Data to process —
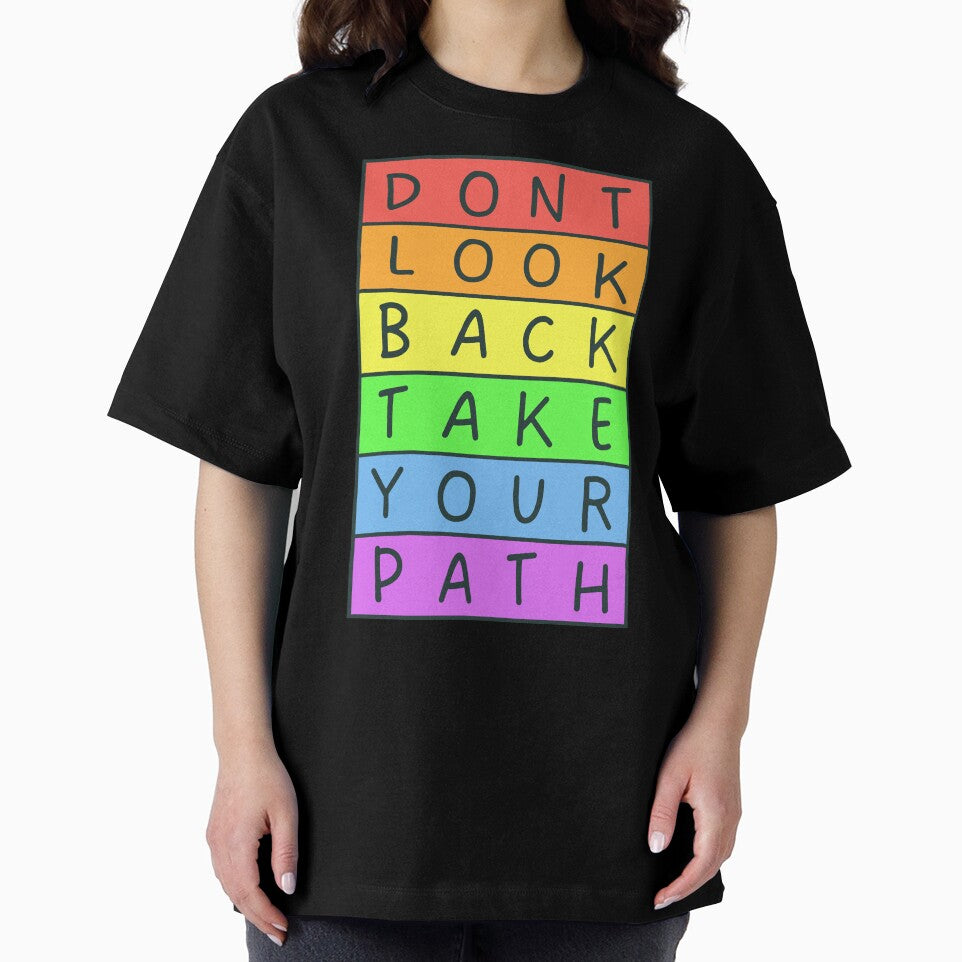 Don't look back, take your path - Gray text - Pastel colors rainbow message by RainbowWordLand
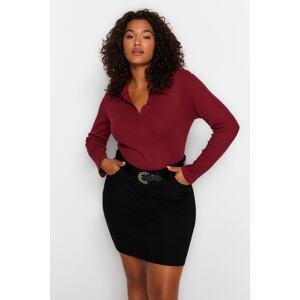 Trendyol Curve Claret Red Fitted Ribbed Shirt Collar Snap Fastener Knitted Body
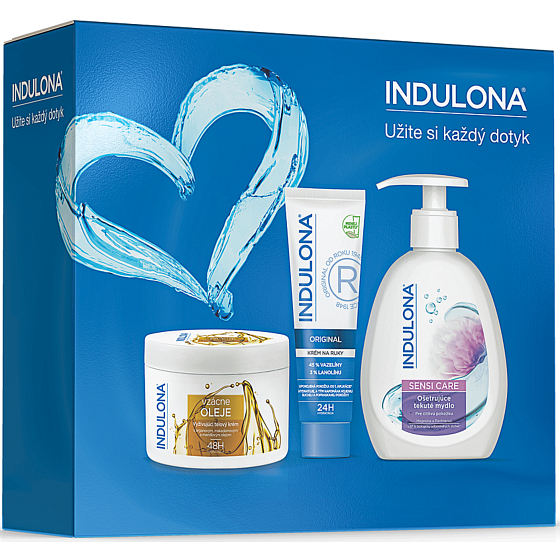 Indulona Original krém na ruce 75 ml + Vzácné oleje vyživující tělový krém pro suchou pokožku 250 ml + Sensi Care tekuté mýdlo pro citlivou pokožku dávkovač 300 ml, kosmetická sada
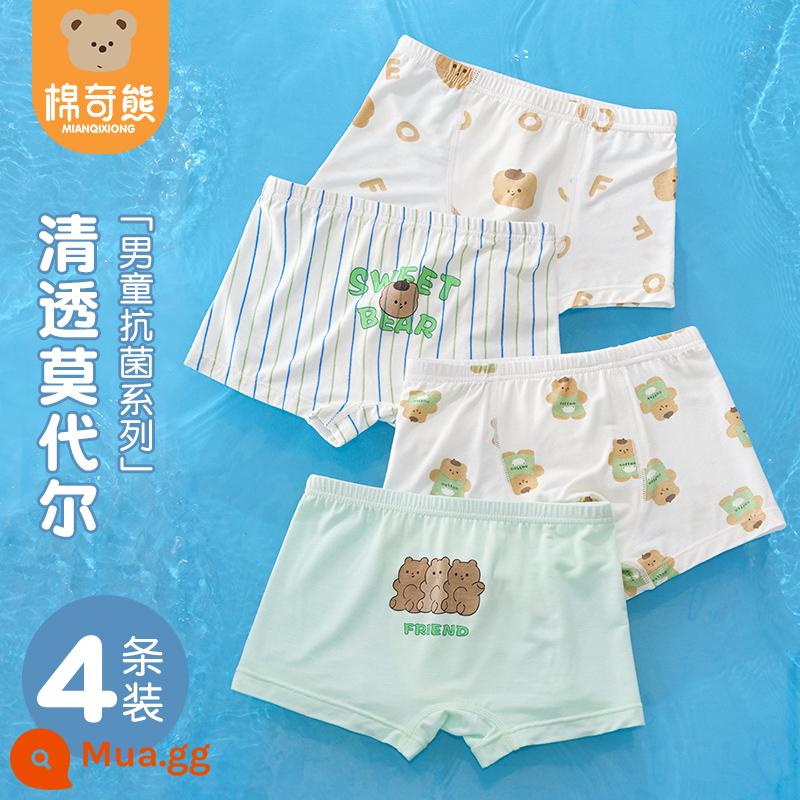 Quần Lót Trẻ Em Nam Cotton Nguyên Chất Quần Boxer Lưới An Toàn Cho Bé Quần Bé Trai Đầu Bé Trai Mùa Hè Quần Lót Boxer Mỏng - Gấu cỏ xanh (Phong cách mùa hè) 4 miếng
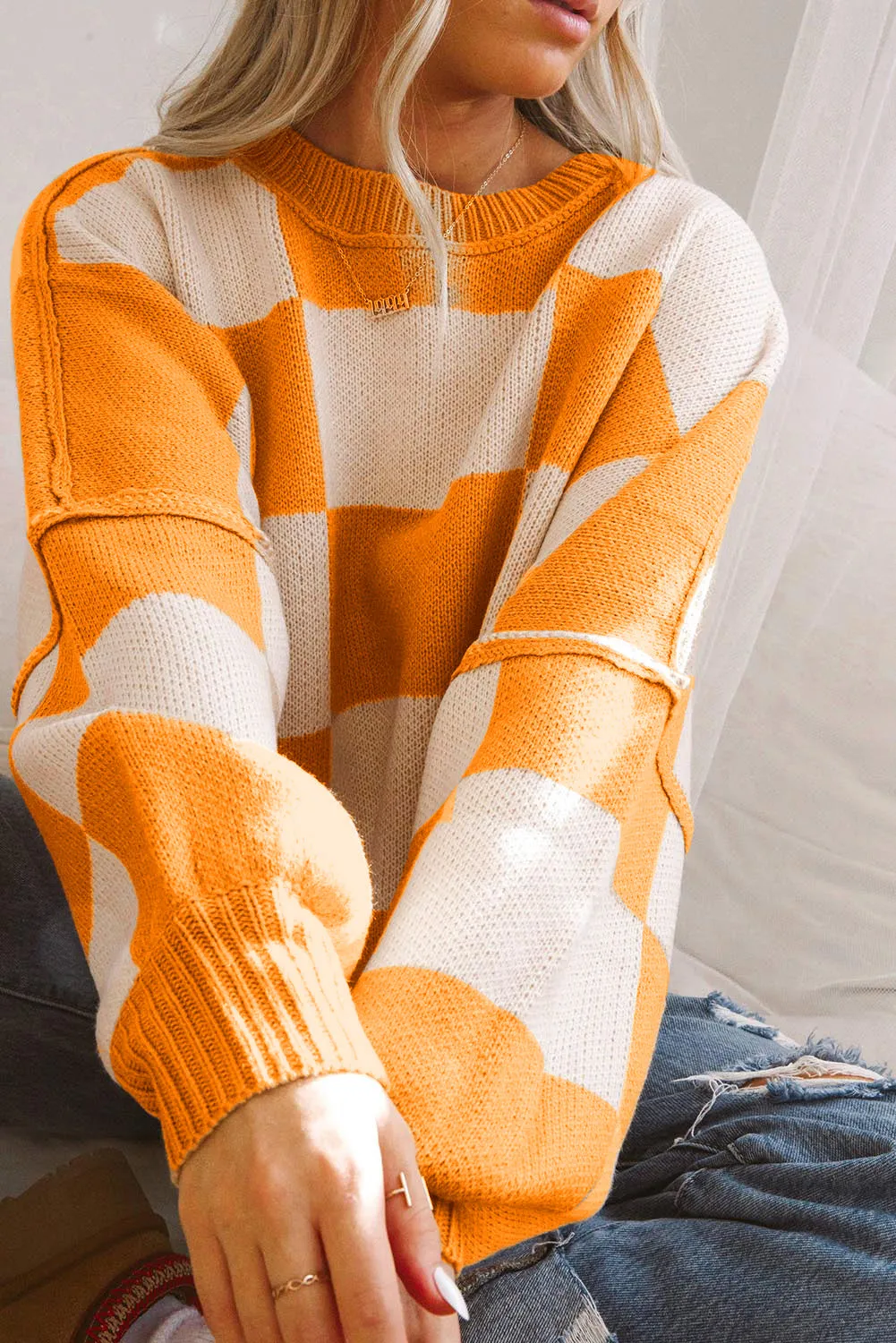 KaleaBoutique Checkered Bishop Sleeve Sweater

Directions for this task — Where an entry includes an image, skip the image and return everything else exactly.

Written solution —
 Don't look back, take your path - Gray text - Pastel colors rainbow message by RainbowWordLand
 Trendyol Curve Claret Red Fitted Ribbed Shirt Collar Snap Fastener Knitted Body
 Indulona Original krém na ruce 75 ml + Vzácné oleje vyživující tělový krém pro suchou pokožku 250 ml + Sensi Care tekuté mýdlo pro citlivou pokožku dávkovač 300 ml, kosmetická sada
 Quần Lót Trẻ Em Nam Cotton Nguyên Chất Quần Boxer Lưới An Toàn Cho Bé Quần Bé Trai Đầu Bé Trai Mùa Hè Quần Lót Boxer Mỏng - Gấu cỏ xanh (Phong cách mùa hè) 4 miếng
 KaleaBoutique Checkered Bishop Sleeve Sweater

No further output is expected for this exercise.